Finding Meaning in Music

New CPS research demonstrates how participation in community engagement initiatives can benefit professional musicians.

In research commissioned by London Music Masters (LMM) and supervised by Research Fellow Rosie Perkins, CPS doctoral candidate Sara Ascenso examined the impact of community engagement for professional musicians, focusing on musicians who undertake orchestral work as their main professional activity.

Recent decades have witnessed a rapid expansion in community music projects and findings regarding their positive impact have been unequivocal: community music offers the potential to build important psychological resources such as positive emotions, a sense of accomplishment, enhanced engagement, purpose in life, and social skills. Despite the collaborative nature of this type of work, however, the experiences of the musicians who facilitate it remain largely undocumented and impact evaluations have tended to remain focused on the so-called “receivers” of projects.

The starting points for this research were two innovative LMM initiatives that united primary school children and musicians from two of London’s major orchestras (the London Philharmonic Orchestra and the London Contemporary Orchestra) to work together and perform new music by emerging composers. Building on these collaborations and on the musicians’ previous experiences with community engagement, the goal was to investigate how these musicians view this work and its value for the profession more broadly. A phenomenological approach was adopted and one-to-one interviews were conducted with fifteen musicians. Despite the experience of community engagement being a highly personal journey, three main areas accounted for the benefits of this type of work across the group: (1) identity: musicians widened their perceptions of what it means to be a musician, strengthened their primary motivations for music-making, and expanded their sense of contributing towards the future generations, both through shaping music education and via the development of new audiences; (2) skills: community engagement provided a laboratory to experiment and consolidate personal, interpersonal, musical, cognitive, and teaching abilities; and (3) wellbeing: community work enhanced positive emotions a sense of accomplishment, purpose, and the development of new social connections, also providing much-needed variety to daily routine.

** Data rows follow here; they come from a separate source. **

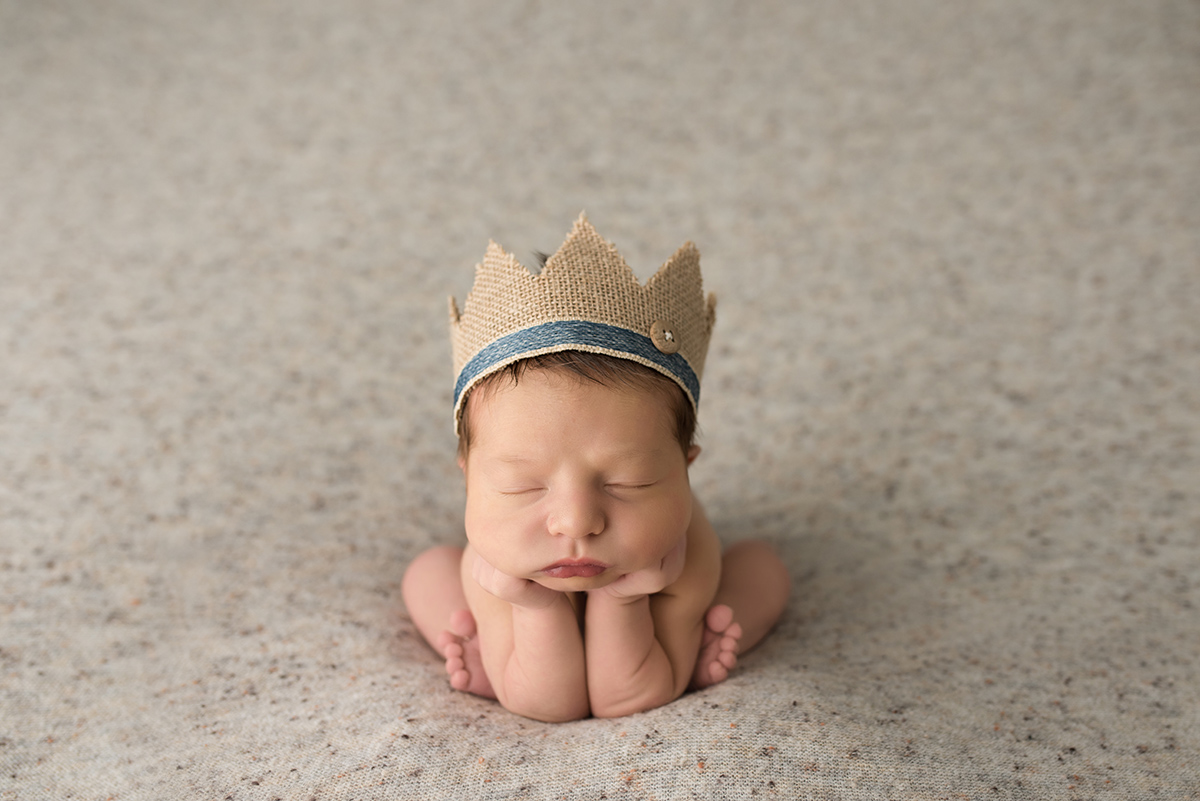 baby boy in froggy pose wearing a crown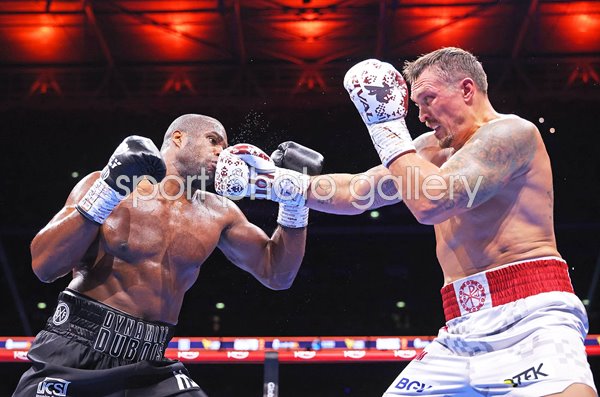 Oleksandr Usyk punches Daniel Dubois Wembley London 2025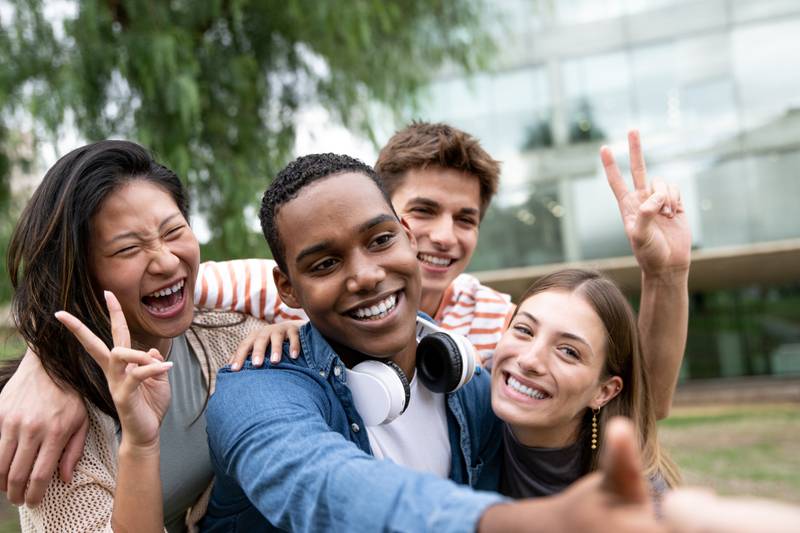 Cheerful group of friends taking a selfie laughing.Multiracial young people having fun and taking pictures outside.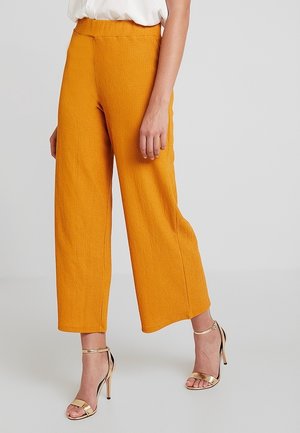 Femme portant un pantalon large texturé couleur moutarde coupé au-dessus de la cheville, associé à une blouse blanche et des sandales à talons hauts dorées à brides, sur un fond uni.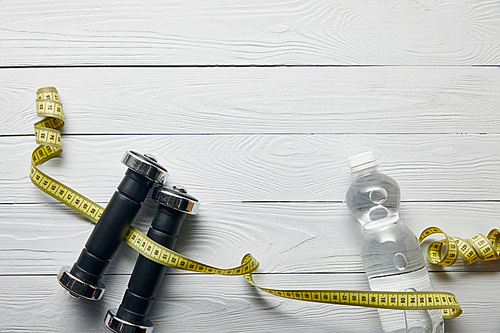 top view of bottle with water, measuring tape and dumbbells on wooden white background with copy space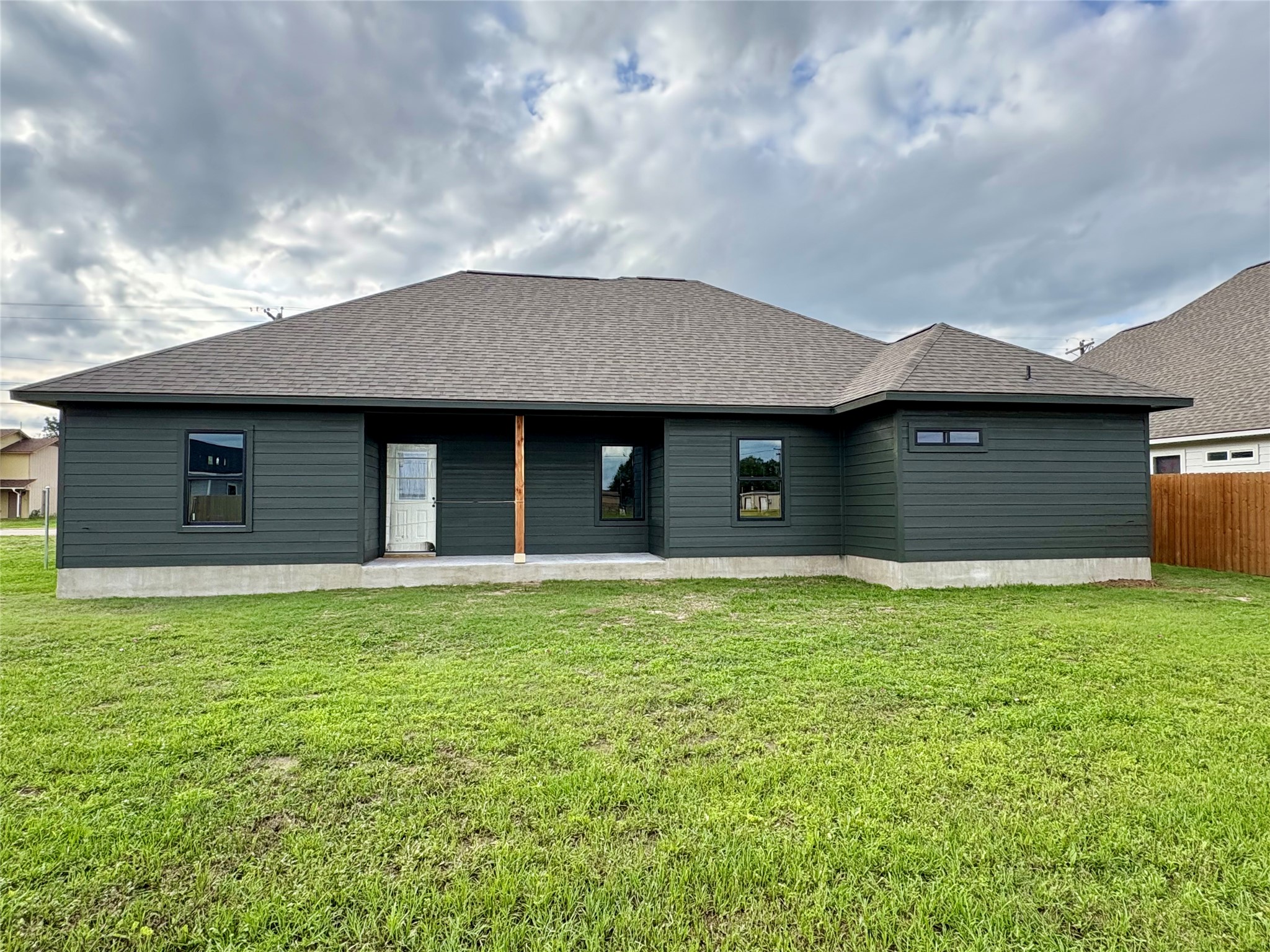 330 Cactus Street Giddings, TX 78942 - Photo 4 of 7 a house with a yard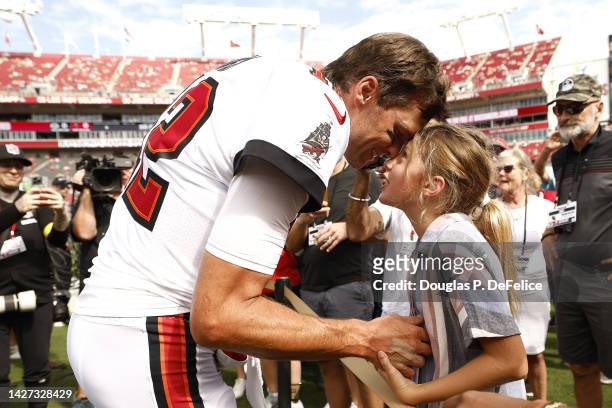 Tom Brady of the Tampa Bay Buccaneers talks with his daughter Vivian on the sidelines prior to the game against the Green Bay Packers at Raymond...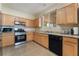 Bright kitchen with wooden cabinets, black appliances, and ample counter space for cooking at 10164 Village Breeze Pl, Las Vegas, NV 89183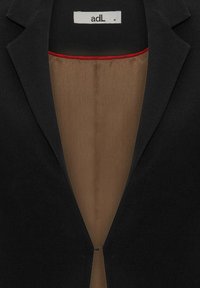 Blazer nero con rever affilati e un design snello. L'interno presenta una fodera marrone liscia con un accento rosso alla scollatura. Taglia M.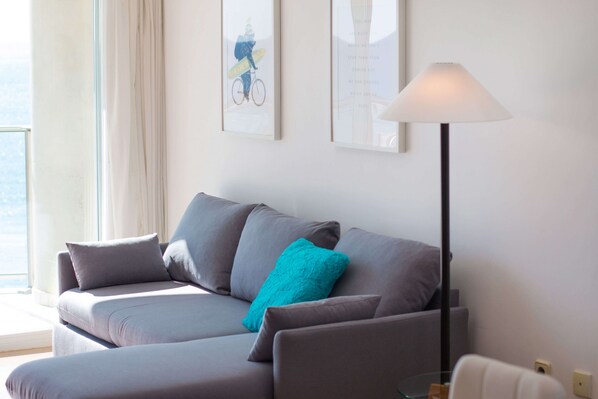 Un salon moderne avec un canapé gris, un coussin turquoise et une lampe sur pied.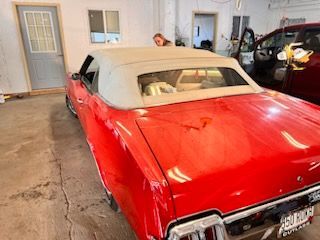 A red car with a white top is parked in a garage.
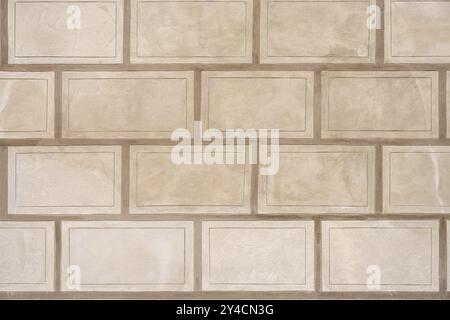 Background consisting of a wall with rectangular beige stone slabs Stock Photo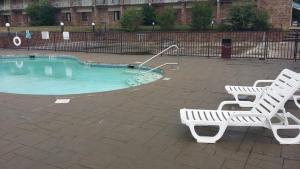 a swimming pool with two white benches next to at Red Carpet Inn in Hot Springs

The results of this study offer a motivating picture of the potential role of community engagement projects for musicians. First, through allowing a more direct experience of the power of music, fostering an awareness of the giving nature of music-making and of its impact on the next generation, these initiatives help build a stronger personal sense of meaning. Second, musicians gain a greater perception of their crucial role in society. This happens through the sense of impacting the development of new audiences and shaping music education. Third, community work provides a valuable space for skill-development. Finally, there is scope for community projects to allow an enhancement of musicians’ psychological wellbeing through not only the experience of moments that “feel good”, but also via increased engagement, finding purpose and accomplishment, and connecting socially. These findings suggest that community initiatives deserve to be firmly considered as an ongoing part of the professional musician’s portfolio in any area of music-making and encourage further debate on the best routes towards optimising collaboration between communities, maximising benefit for all involved.